> [WHAT YOU SHOULD DO]:
Transcribe only what runs from the line containing "Meet your Posher, Caitlyn" through the final line below, exactly, and leave every picture out.

[WORKING DATA]

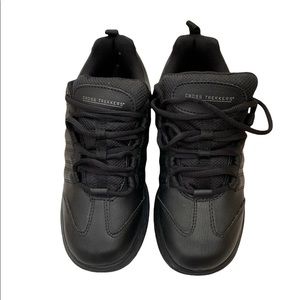 Cross Trekkers Sneakers Black Non Slip Work Shoes SafeTStep Slip Resistant Sz 7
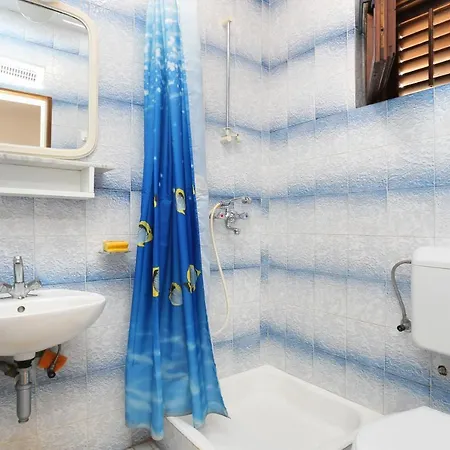 Appartamento Slatine 13298e Traù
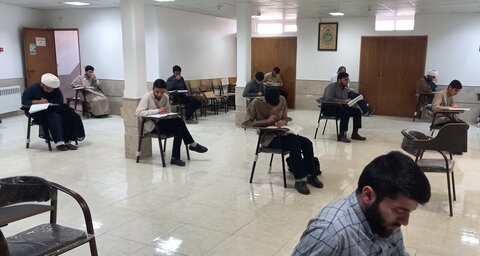 تصاویر / برگزاری آزمون کتبی شناسایی استعدادهای برتر مدارس علمیه کاشان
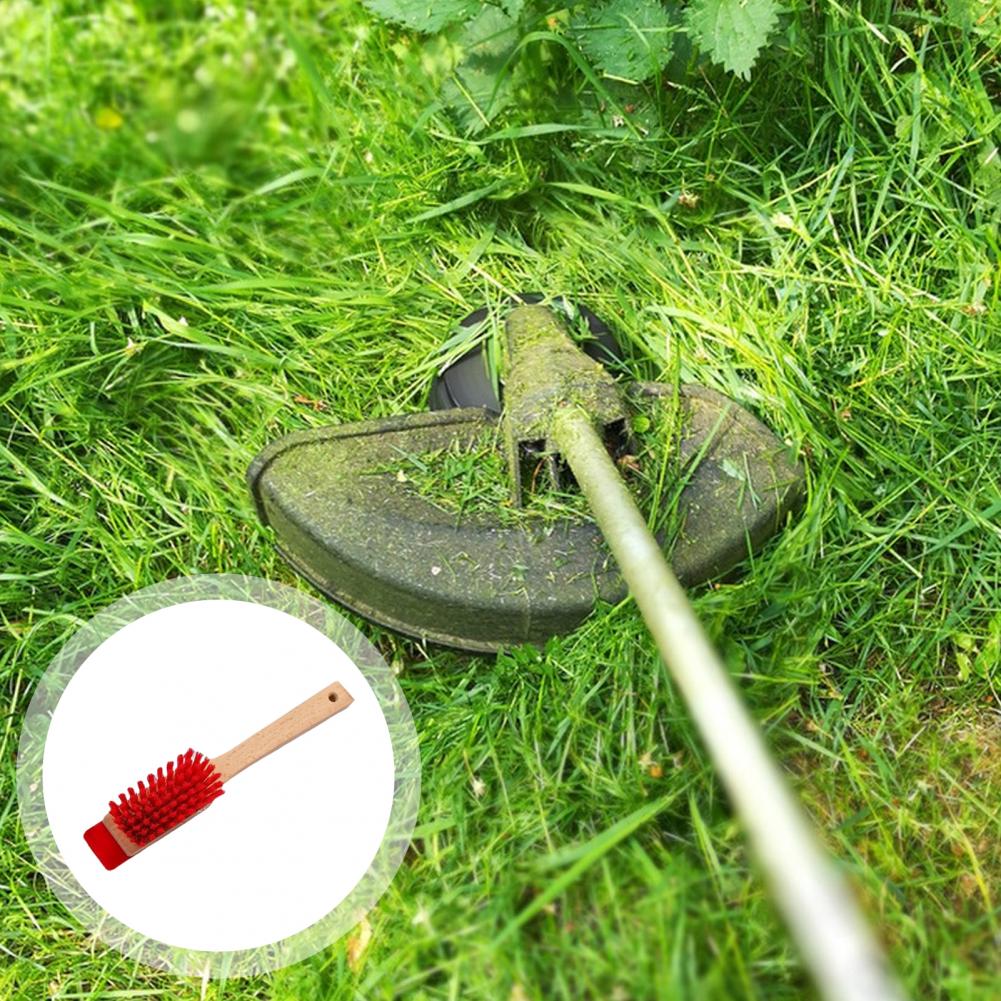 Kartáč na sekačku na trávu Kompaktní velikost Dřevěná rukojeť Čisticí kartáč Příslušenství k sekačce Kartáč Nástroj pro odstraňování nečistot a posekané trávy
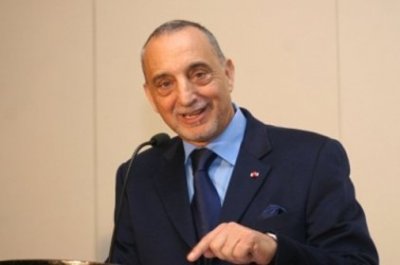 محمد برادة: شكرا صاحب الجلالة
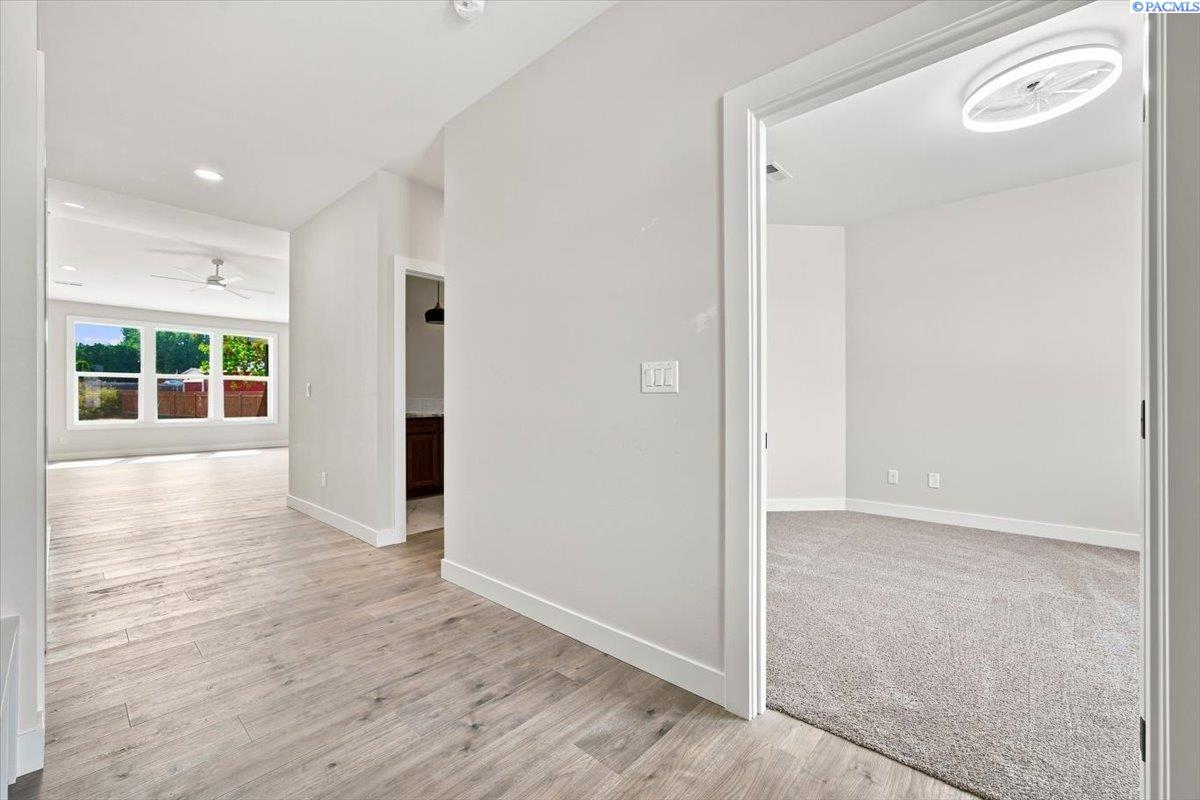 Photo 4 of Single family home for sale at 7119 W 6th Avenue, Kennewick, WA 99336 | MLS# PAC293500 | Listing updated on 2026-09-23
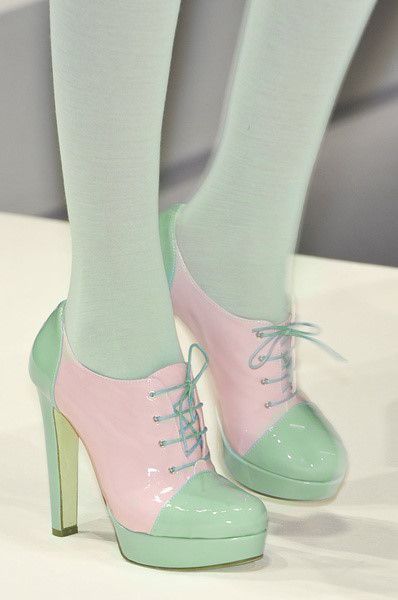 Hak Tinggi, Kawaii Shoes, Pastel Fashion, Crazy Shoes, Pretty Shoes, Pastel Goth, Lolita Fashion, Womens Fashion Trends, Beautiful Shoes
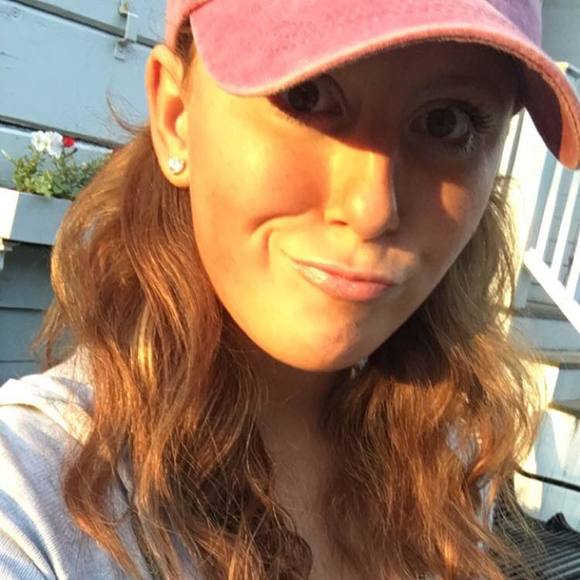 Meet your Posher, Caitlyn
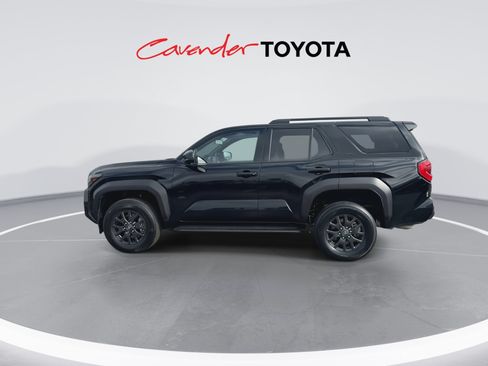 Certified 2025 Toyota 4Runner SR5 AWD/4WD image 5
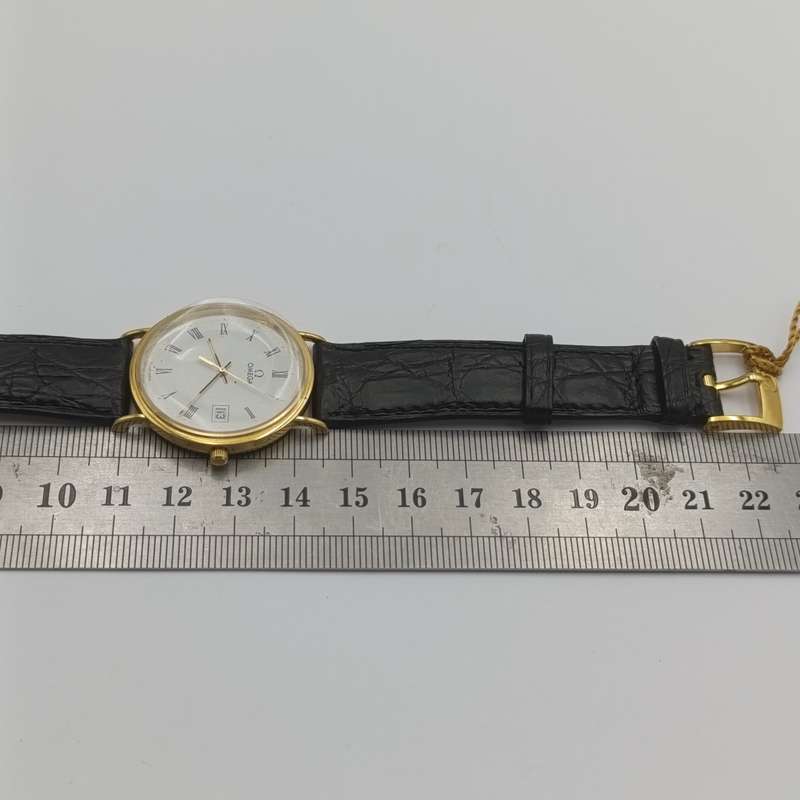 Omega 1530 Quartz 18kt gold men's watch - excellent condition in box with paperwork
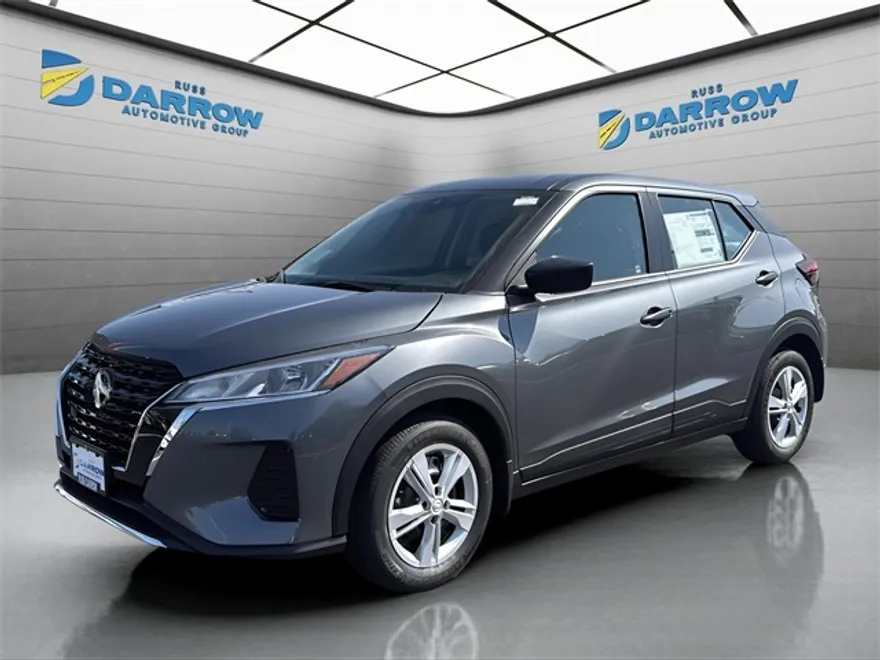 2025 Nissan Kicks Play S photo 1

[/WORKING DATA]

> [RESPONSE TO THE TASK]:
 Meet your Posher, Caitlyn
 Certified 2025 Toyota 4Runner SR5 AWD/4WD image 5
 Omega 1530 Quartz 18kt gold men's watch - excellent condition in box with paperwork
 2025 Nissan Kicks Play S photo 1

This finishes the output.